For each sample in the Signal matrix, associated events are coded using the following variables:

- **Flashing**:  
  - `1` when row/column was intensified, `0` otherwise.
  
- **StimulusCode**:  
  - `0` when no row/column is being intensified (i.e., matrix is blank).  
  - `1…6` for intensified columns (1 being the left-most column).  
  - `7…12` for intensified rows (7 being the upper-most row).  

- **StimulusType**:  
  - `0` when no row/column is being intensified or the intensified row/column does not contain the desired character.  
  - `1` when the intensified row/column contains the desired character.  
  - This variable allows easy access to labels in the training sets, separating responses that contained the desired character from those that did not.

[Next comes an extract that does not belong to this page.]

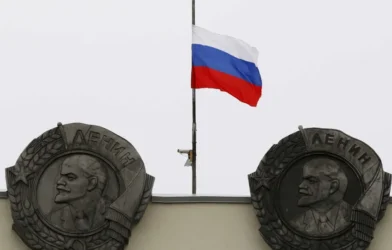 "Irresponsável": Rússia condena EUA e alerta para "escalada perigosa"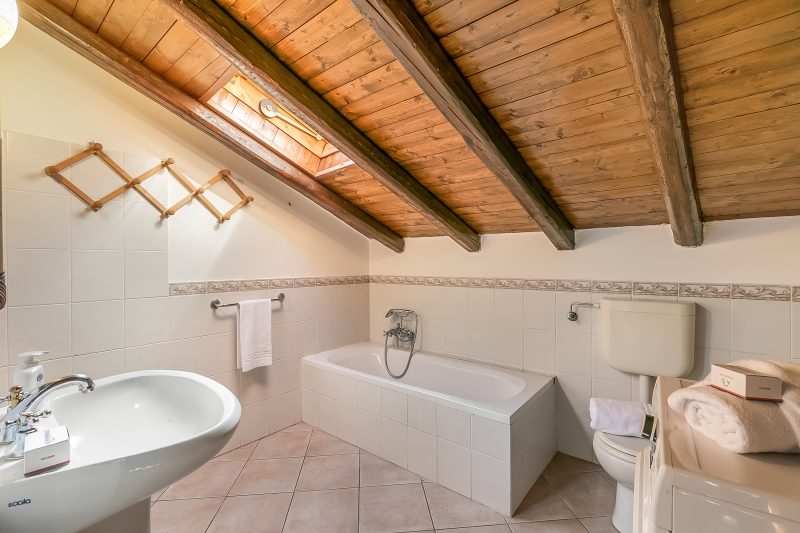 Il Borgo Del Vergante Casa Lina: Ac And Balcony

It can also be determined using the **StimulusCode** along with the **TargetChar** that the user focused on.

- **TargetChar**:  
  - The correct character label for each character epoch in the training data.


In [1]:
from glob import glob
from pathlib import Path
import os
import mne
import scipy
import numpy as np
import pandas as pd
import matplotlib.pyplot as plt

In [2]:
DATA_DIR = Path('')
DATA_PATHS = glob(str(DATA_DIR / 'BCI_Comp_III_Wads_2004' / '*.mat'))
ELOC_PATH = DATA_DIR / 'BCI_Comp_III_Wads_2004' / 'eloc64.txt'

In [3]:
Subject_A_Test = scipy.io.loadmat(DATA_PATHS[0])
Subject_A_Train = scipy.io.loadmat(DATA_PATHS[1])
Subject_B_Test = scipy.io.loadmat(DATA_PATHS[2])
Subject_B_Train = scipy.io.loadmat(DATA_PATHS[3])

In [4]:
print(Subject_A_Train.keys())

dict_keys(['__header__', '__version__', '__globals__', 'Signal', 'TargetChar', 'Flashing', 'StimulusCode', 'StimulusType'])


In [5]:
print('Header: ', Subject_A_Train['__header__']), print('\nVersion: ', Subject_A_Train['__version__']);

Header:  b'MATLAB 5.0 MAT-file, Platform: PCWIN, Created on: Mon Nov 29 08:14:54 2004'

Version:  1.0


In [6]:
channels = []
f = open(ELOC_PATH,'r')
for channel in f.read().split('\n'):
    channels.append(channel.split('\t')[-1].split('.')[0])

channels = channels[:64]